Mis hijos tuvieron la oportunidad de disfrutar de una pista de patinaje sobre hielo en el patio trasero de nuestra casa durante los fríos inviernos de Idaho, en Estados Unidos. Cuando eran niños, era un desafío persuadirlos a pararse sobre el hielo duro y frío porque sabían cómo dolía al caerse. Cada vez que trastabillaban, mi esposo y yo corríamos para ayudarlos a enderezarse y afirmarse sobre los patines.
Tener a alguien que nos ayude a levantarnos cuando caemos es el beneficio de disponer de esa mano amiga que se describe en Eclesiastés. Trabajar con otra persona hace que la tarea sea más agradable y eficaz (4:9). Además, un amigo trae calidez a nuestra vida. Al enfrentar desafíos, es útil que alguien se ponga a nuestro lado para ofrecernos apoyo práctico y emocional. Este tipo de relaciones puede darnos fortaleza, propósito y consuelo.
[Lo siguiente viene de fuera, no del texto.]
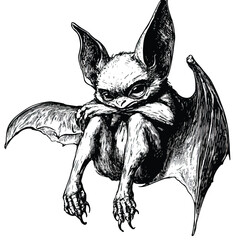  bat clip art, clip art concept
Cuando nos encontramos aplastados por el frío de las dificultades de la vida, ¿hay cerca una mano amiga? Si es así, tal vez Dios la haya enviado. O cuando una persona necesita a un amigo, ¿podríamos ser nosotros la respuesta de Dios para ayudar a levantarla? Si somos un compañero para alguien, encontraremos seguramente otro para nosotros. Si parece que no hay nadie, Dios está presente y dispuesto siempre a ayudarnos (Salmo 46:1).